Collection entries:
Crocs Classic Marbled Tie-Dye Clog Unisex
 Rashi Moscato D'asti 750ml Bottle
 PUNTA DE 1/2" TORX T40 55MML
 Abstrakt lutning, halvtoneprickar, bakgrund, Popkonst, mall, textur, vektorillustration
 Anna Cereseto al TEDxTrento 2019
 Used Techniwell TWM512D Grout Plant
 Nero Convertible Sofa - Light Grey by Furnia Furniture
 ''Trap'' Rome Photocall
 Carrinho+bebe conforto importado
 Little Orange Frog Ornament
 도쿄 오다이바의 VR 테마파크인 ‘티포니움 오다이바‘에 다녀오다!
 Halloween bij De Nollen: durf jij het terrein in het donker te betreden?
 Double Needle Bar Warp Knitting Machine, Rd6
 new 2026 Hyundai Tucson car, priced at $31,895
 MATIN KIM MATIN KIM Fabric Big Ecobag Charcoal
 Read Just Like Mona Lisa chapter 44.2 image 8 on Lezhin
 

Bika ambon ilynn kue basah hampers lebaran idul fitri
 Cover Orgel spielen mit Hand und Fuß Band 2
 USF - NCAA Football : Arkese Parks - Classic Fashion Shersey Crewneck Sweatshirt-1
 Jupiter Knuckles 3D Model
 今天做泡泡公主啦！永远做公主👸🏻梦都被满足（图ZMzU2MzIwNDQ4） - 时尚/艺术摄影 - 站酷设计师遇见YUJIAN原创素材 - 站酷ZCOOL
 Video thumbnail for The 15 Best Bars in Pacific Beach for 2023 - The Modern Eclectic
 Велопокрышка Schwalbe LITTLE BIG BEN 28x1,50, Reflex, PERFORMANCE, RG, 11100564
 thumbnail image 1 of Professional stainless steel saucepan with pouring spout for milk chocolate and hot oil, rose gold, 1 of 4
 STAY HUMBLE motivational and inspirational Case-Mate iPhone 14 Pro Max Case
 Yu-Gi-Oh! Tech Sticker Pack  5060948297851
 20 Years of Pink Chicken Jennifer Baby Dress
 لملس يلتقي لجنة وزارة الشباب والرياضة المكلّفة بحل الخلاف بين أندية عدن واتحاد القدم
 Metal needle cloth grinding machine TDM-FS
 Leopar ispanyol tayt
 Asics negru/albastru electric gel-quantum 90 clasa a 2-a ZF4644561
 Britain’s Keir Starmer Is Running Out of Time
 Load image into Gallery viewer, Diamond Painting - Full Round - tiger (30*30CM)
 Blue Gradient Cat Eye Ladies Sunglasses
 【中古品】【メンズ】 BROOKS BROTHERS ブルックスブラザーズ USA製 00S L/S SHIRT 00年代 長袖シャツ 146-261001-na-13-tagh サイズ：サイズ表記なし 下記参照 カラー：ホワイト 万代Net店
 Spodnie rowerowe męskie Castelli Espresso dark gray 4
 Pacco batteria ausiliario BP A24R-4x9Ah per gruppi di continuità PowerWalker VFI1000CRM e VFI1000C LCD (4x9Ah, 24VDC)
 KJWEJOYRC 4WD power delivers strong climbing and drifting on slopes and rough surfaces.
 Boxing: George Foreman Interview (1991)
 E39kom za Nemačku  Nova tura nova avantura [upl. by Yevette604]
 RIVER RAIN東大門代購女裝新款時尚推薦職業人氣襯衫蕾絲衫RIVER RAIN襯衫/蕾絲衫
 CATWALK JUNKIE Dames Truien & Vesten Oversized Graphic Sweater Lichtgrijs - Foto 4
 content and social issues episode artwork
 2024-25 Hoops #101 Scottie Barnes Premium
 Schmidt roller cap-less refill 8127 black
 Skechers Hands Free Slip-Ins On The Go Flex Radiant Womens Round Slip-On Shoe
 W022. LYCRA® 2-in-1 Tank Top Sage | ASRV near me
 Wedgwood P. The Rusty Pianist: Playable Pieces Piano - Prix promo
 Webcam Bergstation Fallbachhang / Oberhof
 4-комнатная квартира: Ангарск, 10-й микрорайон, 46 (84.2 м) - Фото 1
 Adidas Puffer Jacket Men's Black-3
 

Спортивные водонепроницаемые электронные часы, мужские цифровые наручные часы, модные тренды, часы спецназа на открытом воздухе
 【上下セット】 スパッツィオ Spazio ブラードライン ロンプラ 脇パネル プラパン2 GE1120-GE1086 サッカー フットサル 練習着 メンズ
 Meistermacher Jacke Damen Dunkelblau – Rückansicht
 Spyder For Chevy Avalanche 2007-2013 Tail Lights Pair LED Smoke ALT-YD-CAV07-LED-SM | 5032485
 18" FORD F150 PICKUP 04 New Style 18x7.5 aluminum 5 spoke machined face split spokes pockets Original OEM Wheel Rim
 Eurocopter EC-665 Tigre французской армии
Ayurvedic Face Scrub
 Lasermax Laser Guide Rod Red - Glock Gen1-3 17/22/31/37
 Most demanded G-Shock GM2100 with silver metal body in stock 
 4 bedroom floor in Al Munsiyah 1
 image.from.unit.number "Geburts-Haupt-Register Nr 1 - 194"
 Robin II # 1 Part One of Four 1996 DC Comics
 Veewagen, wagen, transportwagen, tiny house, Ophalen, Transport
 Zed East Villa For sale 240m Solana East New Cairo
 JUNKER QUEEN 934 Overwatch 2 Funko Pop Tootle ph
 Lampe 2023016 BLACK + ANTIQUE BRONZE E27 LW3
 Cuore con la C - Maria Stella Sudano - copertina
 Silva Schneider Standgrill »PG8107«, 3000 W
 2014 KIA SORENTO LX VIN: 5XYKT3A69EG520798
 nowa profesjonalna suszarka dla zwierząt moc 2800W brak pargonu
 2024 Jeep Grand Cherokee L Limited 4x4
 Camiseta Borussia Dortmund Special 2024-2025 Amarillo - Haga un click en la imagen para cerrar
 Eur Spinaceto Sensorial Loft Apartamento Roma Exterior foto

Work task: Copy exactly the stretch of data above from the line with "Bika ambon ilynn" through the line with "Boxing: George Foreman Interview (1991)", and omit all other lines.

Response:
Bika ambon ilynn kue basah hampers lebaran idul fitri
 Cover Orgel spielen mit Hand und Fuß Band 2
 USF - NCAA Football : Arkese Parks - Classic Fashion Shersey Crewneck Sweatshirt-1
 Jupiter Knuckles 3D Model
 今天做泡泡公主啦！永远做公主👸🏻梦都被满足（图ZMzU2MzIwNDQ4） - 时尚/艺术摄影 - 站酷设计师遇见YUJIAN原创素材 - 站酷ZCOOL
 Video thumbnail for The 15 Best Bars in Pacific Beach for 2023 - The Modern Eclectic
 Велопокрышка Schwalbe LITTLE BIG BEN 28x1,50, Reflex, PERFORMANCE, RG, 11100564
 thumbnail image 1 of Professional stainless steel saucepan with pouring spout for milk chocolate and hot oil, rose gold, 1 of 4
 STAY HUMBLE motivational and inspirational Case-Mate iPhone 14 Pro Max Case
 Yu-Gi-Oh! Tech Sticker Pack  5060948297851
 20 Years of Pink Chicken Jennifer Baby Dress
 لملس يلتقي لجنة وزارة الشباب والرياضة المكلّفة بحل الخلاف بين أندية عدن واتحاد القدم
 Metal needle cloth grinding machine TDM-FS
 Leopar ispanyol tayt
 Asics negru/albastru electric gel-quantum 90 clasa a 2-a ZF4644561
 Britain’s Keir Starmer Is Running Out of Time
 Load image into Gallery viewer, Diamond Painting - Full Round - tiger (30*30CM)
 Blue Gradient Cat Eye Ladies Sunglasses
 【中古品】【メンズ】 BROOKS BROTHERS ブルックスブラザーズ USA製 00S L/S SHIRT 00年代 長袖シャツ 146-261001-na-13-tagh サイズ：サイズ表記なし 下記参照 カラー：ホワイト 万代Net店
 Spodnie rowerowe męskie Castelli Espresso dark gray 4
 Pacco batteria ausiliario BP A24R-4x9Ah per gruppi di continuità PowerWalker VFI1000CRM e VFI1000C LCD (4x9Ah, 24VDC)
 KJWEJOYRC 4WD power delivers strong climbing and drifting on slopes and rough surfaces.
 Boxing: George Foreman Interview (1991)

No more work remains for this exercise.